▸ DATA LISTING
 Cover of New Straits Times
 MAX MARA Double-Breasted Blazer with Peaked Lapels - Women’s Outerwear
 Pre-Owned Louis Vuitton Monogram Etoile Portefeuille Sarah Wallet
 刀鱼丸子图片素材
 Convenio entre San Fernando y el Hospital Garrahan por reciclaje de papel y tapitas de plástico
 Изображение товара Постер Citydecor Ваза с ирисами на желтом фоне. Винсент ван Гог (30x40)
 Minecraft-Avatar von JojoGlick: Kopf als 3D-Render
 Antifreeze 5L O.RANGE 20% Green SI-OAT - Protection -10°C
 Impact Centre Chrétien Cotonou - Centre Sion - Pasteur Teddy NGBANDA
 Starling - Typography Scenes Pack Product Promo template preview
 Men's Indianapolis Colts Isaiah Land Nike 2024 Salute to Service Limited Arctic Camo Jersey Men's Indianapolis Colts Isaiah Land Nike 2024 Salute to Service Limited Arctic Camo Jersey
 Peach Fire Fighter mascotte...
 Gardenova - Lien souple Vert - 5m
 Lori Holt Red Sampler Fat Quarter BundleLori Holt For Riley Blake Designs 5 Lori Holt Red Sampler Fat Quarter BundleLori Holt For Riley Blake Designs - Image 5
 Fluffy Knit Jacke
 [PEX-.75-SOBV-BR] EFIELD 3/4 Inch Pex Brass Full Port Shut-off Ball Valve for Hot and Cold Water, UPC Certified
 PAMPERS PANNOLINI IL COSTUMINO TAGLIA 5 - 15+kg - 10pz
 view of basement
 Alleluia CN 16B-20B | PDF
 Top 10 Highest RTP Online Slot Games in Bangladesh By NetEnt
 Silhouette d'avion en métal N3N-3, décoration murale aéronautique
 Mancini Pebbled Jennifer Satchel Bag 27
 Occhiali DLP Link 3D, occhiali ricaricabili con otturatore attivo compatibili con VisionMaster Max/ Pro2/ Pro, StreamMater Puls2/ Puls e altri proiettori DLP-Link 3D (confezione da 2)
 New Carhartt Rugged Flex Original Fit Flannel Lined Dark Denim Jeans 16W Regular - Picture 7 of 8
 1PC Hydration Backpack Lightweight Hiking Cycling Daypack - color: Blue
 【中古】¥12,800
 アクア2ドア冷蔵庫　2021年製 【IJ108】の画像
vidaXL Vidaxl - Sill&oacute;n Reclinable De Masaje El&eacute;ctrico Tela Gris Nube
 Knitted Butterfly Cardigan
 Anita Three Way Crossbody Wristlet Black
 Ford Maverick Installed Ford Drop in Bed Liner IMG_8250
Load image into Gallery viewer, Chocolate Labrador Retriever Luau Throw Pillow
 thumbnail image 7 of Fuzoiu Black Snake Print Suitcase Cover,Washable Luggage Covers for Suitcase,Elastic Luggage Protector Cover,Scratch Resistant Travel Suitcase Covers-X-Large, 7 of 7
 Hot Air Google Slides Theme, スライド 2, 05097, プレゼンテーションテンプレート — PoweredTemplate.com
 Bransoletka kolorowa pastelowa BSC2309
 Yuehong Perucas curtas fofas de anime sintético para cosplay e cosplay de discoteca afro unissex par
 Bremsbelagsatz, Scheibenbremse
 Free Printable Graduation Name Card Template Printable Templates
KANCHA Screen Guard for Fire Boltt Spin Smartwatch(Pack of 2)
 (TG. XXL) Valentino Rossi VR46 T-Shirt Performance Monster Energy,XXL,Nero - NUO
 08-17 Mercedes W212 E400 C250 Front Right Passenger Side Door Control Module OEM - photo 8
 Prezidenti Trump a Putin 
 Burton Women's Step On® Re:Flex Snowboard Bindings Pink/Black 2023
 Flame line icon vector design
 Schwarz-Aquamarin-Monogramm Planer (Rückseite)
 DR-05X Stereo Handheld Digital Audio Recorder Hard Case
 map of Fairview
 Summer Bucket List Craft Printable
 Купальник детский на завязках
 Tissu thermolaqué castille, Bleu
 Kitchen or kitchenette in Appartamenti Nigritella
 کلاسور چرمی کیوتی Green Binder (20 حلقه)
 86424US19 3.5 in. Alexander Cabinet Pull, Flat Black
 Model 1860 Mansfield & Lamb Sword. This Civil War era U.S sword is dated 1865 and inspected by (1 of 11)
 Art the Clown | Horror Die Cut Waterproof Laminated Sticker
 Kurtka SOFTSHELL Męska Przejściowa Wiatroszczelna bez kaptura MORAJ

▸ EXERCISE DESCRIPTION
Starting at the first line of the listing, retype every line up to and including the one with "Silhouette d'avion en".

▸ RESPONSE BOX
 Cover of New Straits Times
 MAX MARA Double-Breasted Blazer with Peaked Lapels - Women’s Outerwear
 Pre-Owned Louis Vuitton Monogram Etoile Portefeuille Sarah Wallet
 刀鱼丸子图片素材
 Convenio entre San Fernando y el Hospital Garrahan por reciclaje de papel y tapitas de plástico
 Изображение товара Постер Citydecor Ваза с ирисами на желтом фоне. Винсент ван Гог (30x40)
 Minecraft-Avatar von JojoGlick: Kopf als 3D-Render
 Antifreeze 5L O.RANGE 20% Green SI-OAT - Protection -10°C
 Impact Centre Chrétien Cotonou - Centre Sion - Pasteur Teddy NGBANDA
 Starling - Typography Scenes Pack Product Promo template preview
 Men's Indianapolis Colts Isaiah Land Nike 2024 Salute to Service Limited Arctic Camo Jersey Men's Indianapolis Colts Isaiah Land Nike 2024 Salute to Service Limited Arctic Camo Jersey
 Peach Fire Fighter mascotte...
 Gardenova - Lien souple Vert - 5m
 Lori Holt Red Sampler Fat Quarter BundleLori Holt For Riley Blake Designs 5 Lori Holt Red Sampler Fat Quarter BundleLori Holt For Riley Blake Designs - Image 5
 Fluffy Knit Jacke
 [PEX-.75-SOBV-BR] EFIELD 3/4 Inch Pex Brass Full Port Shut-off Ball Valve for Hot and Cold Water, UPC Certified
 PAMPERS PANNOLINI IL COSTUMINO TAGLIA 5 - 15+kg - 10pz
 view of basement
 Alleluia CN 16B-20B | PDF
 Top 10 Highest RTP Online Slot Games in Bangladesh By NetEnt
 Silhouette d'avion en métal N3N-3, décoration murale aéronautique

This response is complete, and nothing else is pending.